The 22-year-old climate campaigner was one of hundreds of people who had boarded a flotilla that tried to break through an Israeli blockade of the war-stricken territory, with many complaining on their return to Europe of mistreatment at the hands of the Israeli authorities.
Thunberg and 160 others landed at Athens International Airport, where crowds of activists welcomed them.
She called the Global Sumud Flotilla "the biggest ever attempt to break Israel's illegal and inhumane siege by sea".
"That this mission has to exist is a shame," she added, urging the world to act to prevent Israel's "genocide" of the Palestinians.

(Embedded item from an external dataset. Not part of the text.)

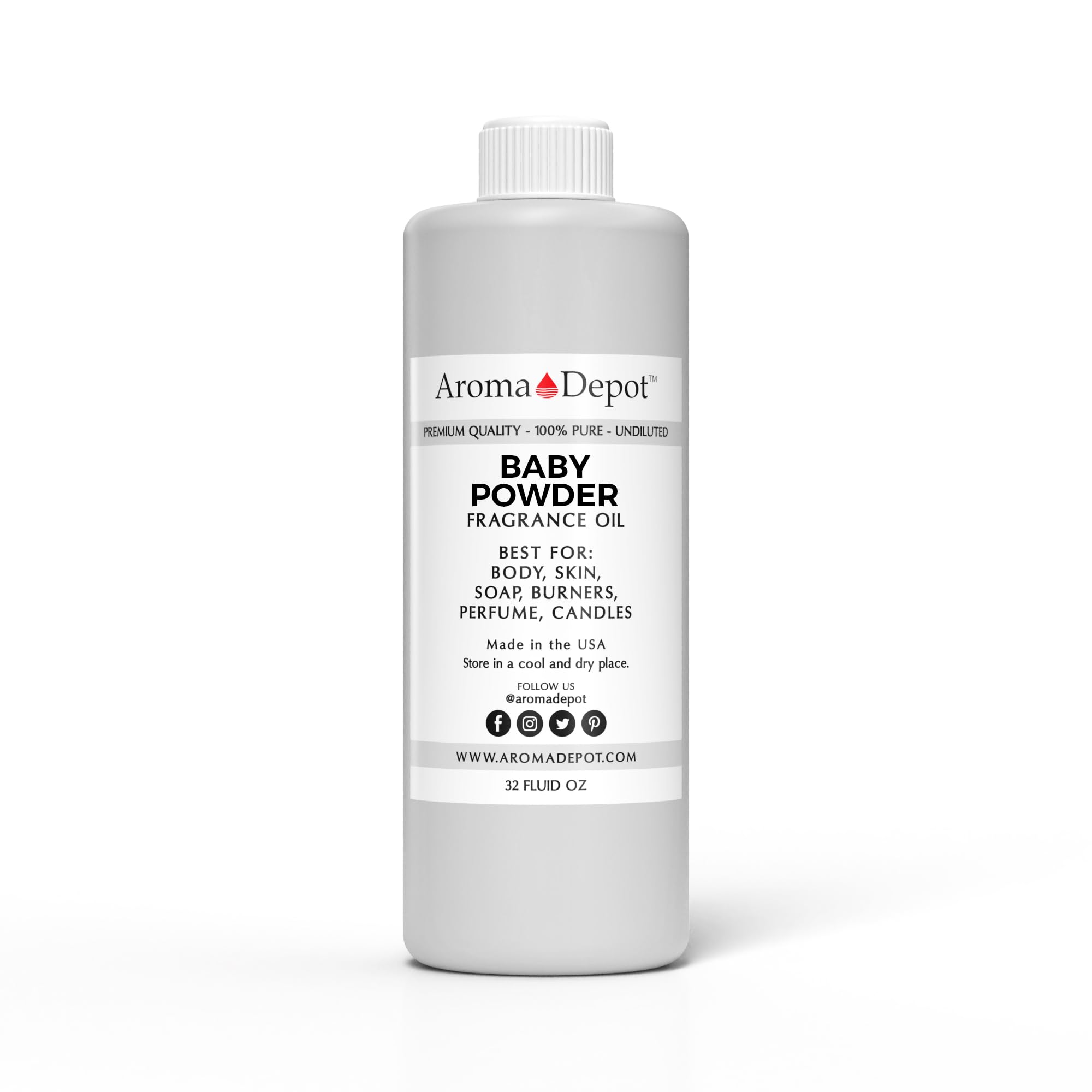 Premium Baby Powder Fragrance Oil - Aroma Depot Uncut Perfume & Body Oil (32oz/960ml Plastic Bottle) - 7 Sizes Available for DIY, Massage & Aromatherapy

"We are not even seeing the bare minimum from our governments," Thunberg said.
Activists unfurled a huge Palestinian flag in the arrivals hall and chanted: "Freedom for Palestine" and "Long live the flotilla!"
- Parliamentarian 'beaten' -
One of those landing in Greece, Rima Hassan, a French-Palestinian member of the European Parliament, reported having been hit by Israeli police after the flotilla was intercepted.
"I was beaten by two police officers when they put me in the van," she told AFP.
Hassan said she and other detainees were kept in groups of up to 15 per cell on mattresses in a high-security Israeli prison.
Yasmin Acar, a member of the flotilla's steering committee, said the detainees were "treated like animals" and "terrorists".
"We were physically assaulted, we were deprived of sleep," Acar said.
"We did not have any clean water. The first 48 hours, there was no food, no water at all."
Israel has rejected the accusations of mistreatment as untrue.
The Greek foreign ministry said the "special repatriation flight" that landed in Athens carried 27 Greeks and 134 other nationals from 15 European countries.
Israel's foreign ministry said on Monday it had deported 171 activists overall to Greece and Slovakia.
Bratislava's foreign ministry confirmed that one Slovak had returned to the central European country, along with nine other people from the Netherlands, Canada and the United States.
The flotilla departed from Barcelona in Spain in early September and was intercepted by the Israeli navy off Egypt last week.
Israel has branded the flotilla an offshoot of Hamas, the Palestinian Islamist movement that it is battling to destroy in Gaza.
It said the boats violated a prohibited zone and that little humanitarian aid was found on board the vessels.
Israeli police said more than 470 people aboard the flotilla boats were arrested.
Israel's foreign ministry told AFP that 138 flotilla participants remained in detention in Israel.
Thirteen Brazilians are among them, including three who are holding a hunger strike, a spokeswoman for the Brazilian delegation in the flotilla, Lara Souza, told AFP.
Brazilian President Luis Inacio Lula da Silva demanded in a post on X that this "absurd situation end as soon as possible" and the Brazilians be released.
He said that Israel had "violated international law" by intercepting the flotilla "and it continues to commit violations by keeping them detained".